• **Materials provided**:
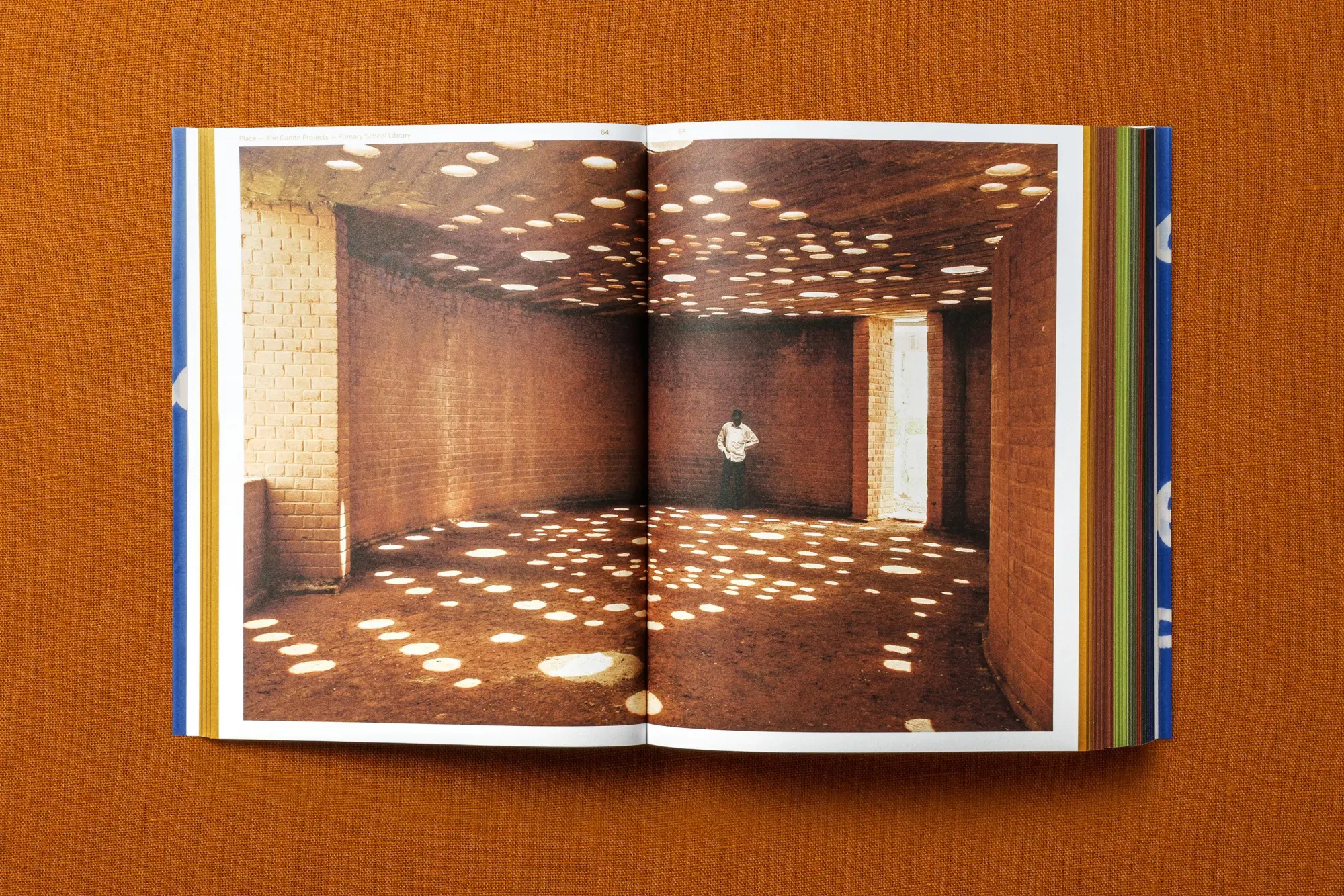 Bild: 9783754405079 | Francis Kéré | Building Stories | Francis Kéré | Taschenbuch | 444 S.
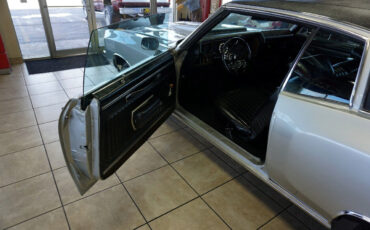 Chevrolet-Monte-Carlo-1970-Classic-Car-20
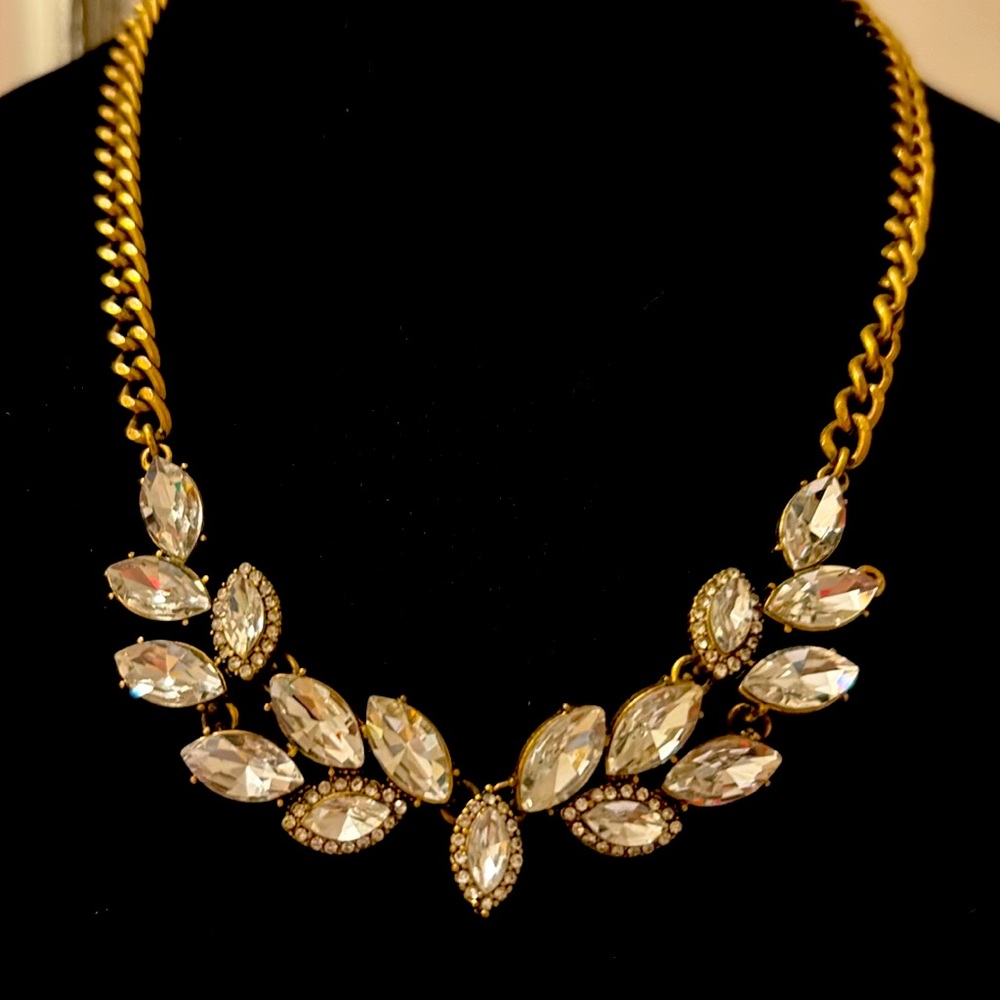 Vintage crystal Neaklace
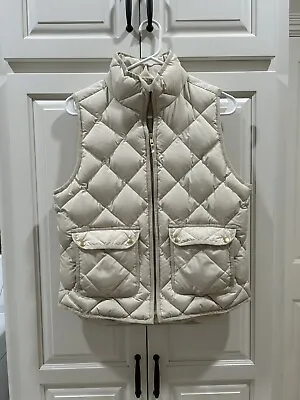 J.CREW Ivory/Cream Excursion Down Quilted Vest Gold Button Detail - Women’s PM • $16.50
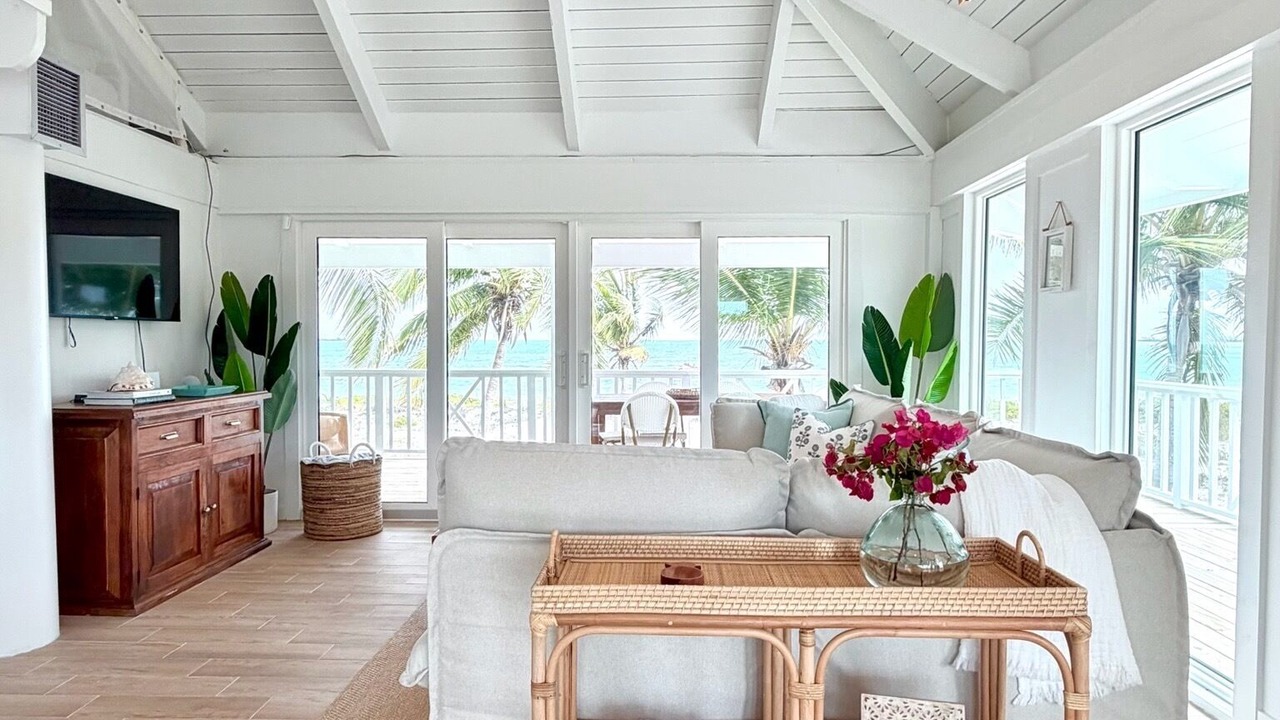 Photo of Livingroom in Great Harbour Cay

...

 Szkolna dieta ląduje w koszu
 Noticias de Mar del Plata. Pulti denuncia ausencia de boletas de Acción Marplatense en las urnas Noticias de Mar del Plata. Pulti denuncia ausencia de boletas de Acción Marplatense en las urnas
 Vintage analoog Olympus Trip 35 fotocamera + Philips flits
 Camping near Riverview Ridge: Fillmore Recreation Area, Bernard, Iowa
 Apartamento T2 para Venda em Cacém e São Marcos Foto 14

--

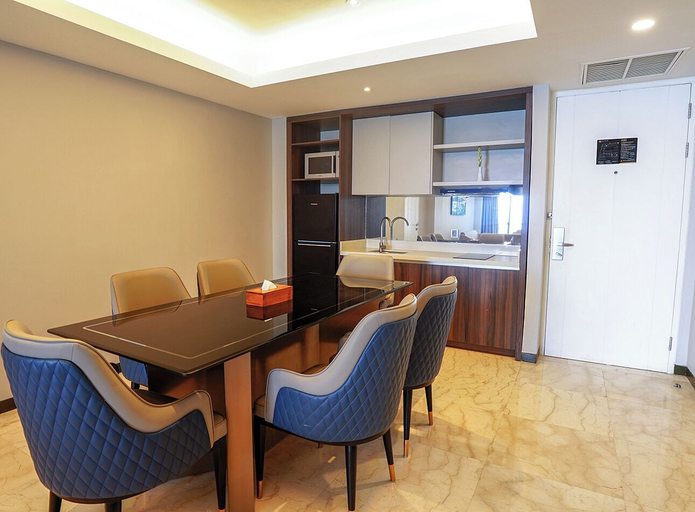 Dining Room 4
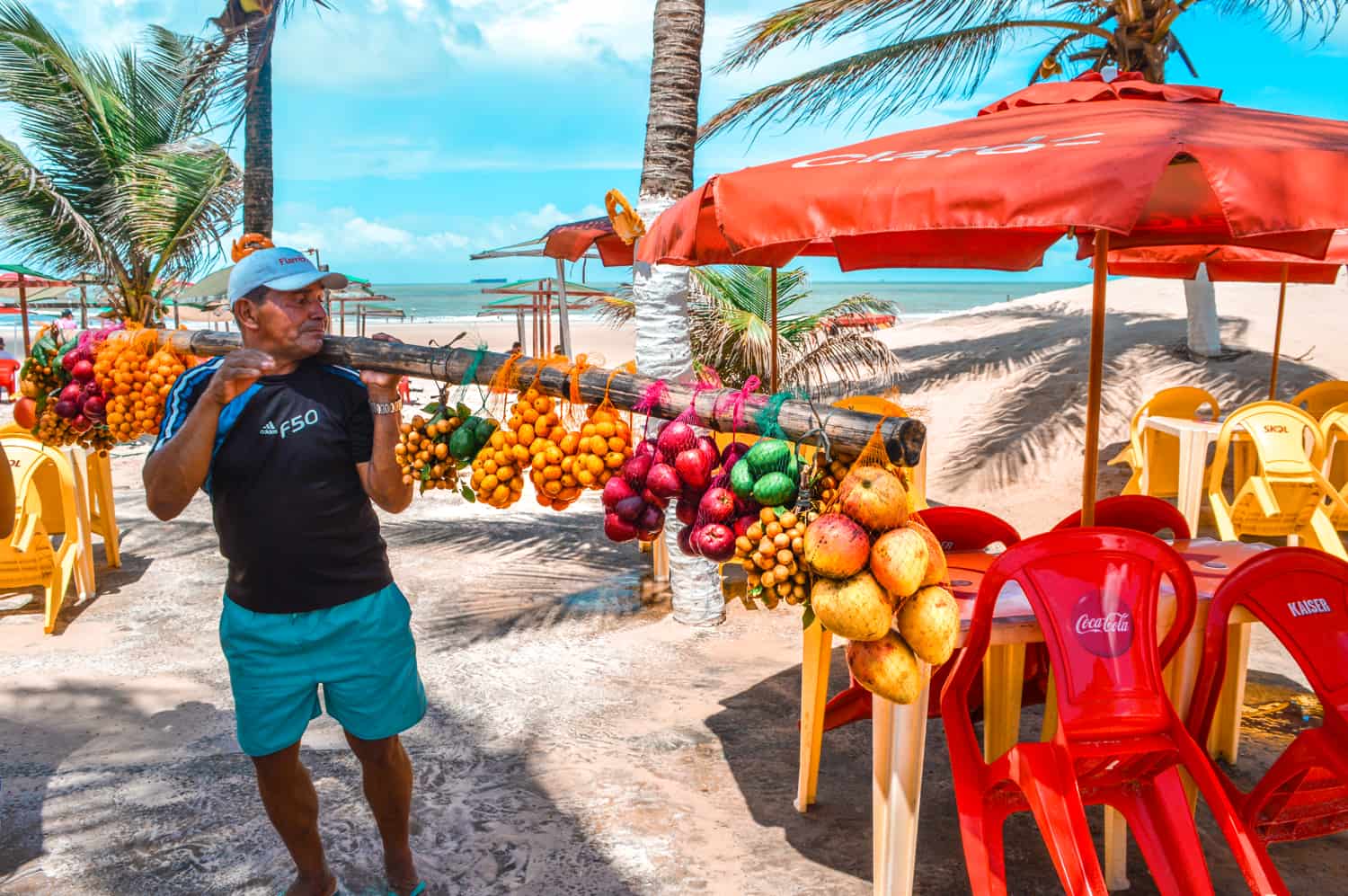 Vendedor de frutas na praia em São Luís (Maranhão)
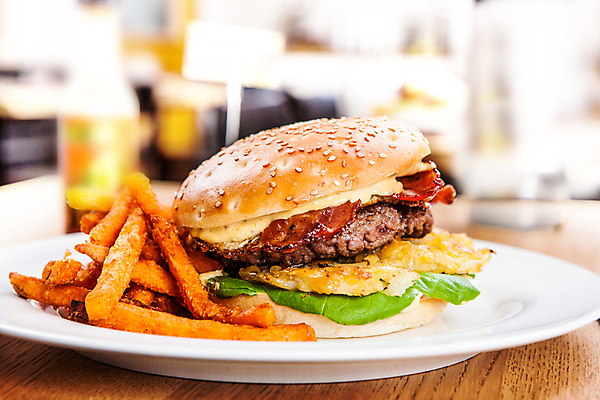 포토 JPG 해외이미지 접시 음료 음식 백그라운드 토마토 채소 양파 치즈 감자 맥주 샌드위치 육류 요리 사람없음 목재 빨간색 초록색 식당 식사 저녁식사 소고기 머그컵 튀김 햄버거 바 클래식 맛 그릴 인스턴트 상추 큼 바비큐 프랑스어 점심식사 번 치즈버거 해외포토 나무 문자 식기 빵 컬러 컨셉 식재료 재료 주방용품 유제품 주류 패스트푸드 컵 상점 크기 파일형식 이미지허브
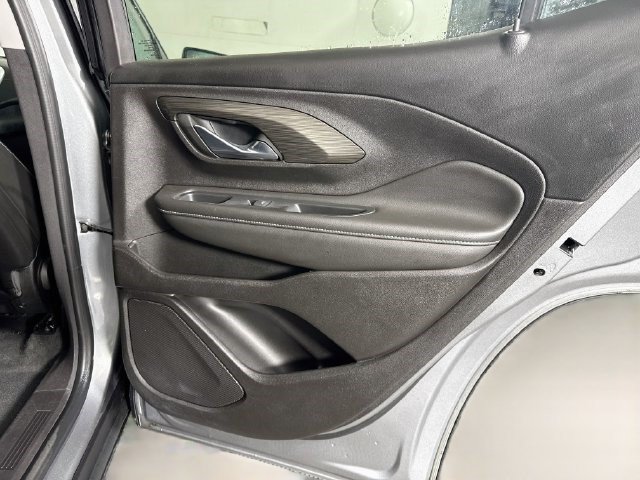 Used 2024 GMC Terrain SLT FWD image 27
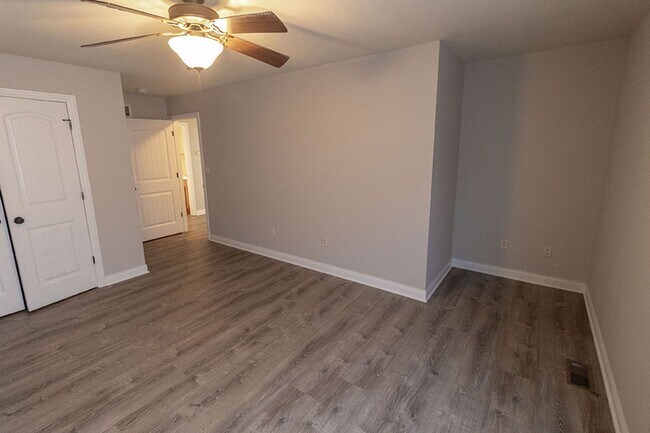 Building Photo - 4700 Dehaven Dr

• **Your goal**: In the listing above, the required lines run from the line with "J.CREW Ivory/Cream Excursion" through the line with "Photo of Livingroom in Great Harbour Cay". Output exactly those lines, omitting pictures.

• **Result**:
 J.CREW Ivory/Cream Excursion Down Quilted Vest Gold Button Detail - Women’s PM • $16.50
 Photo of Livingroom in Great Harbour Cay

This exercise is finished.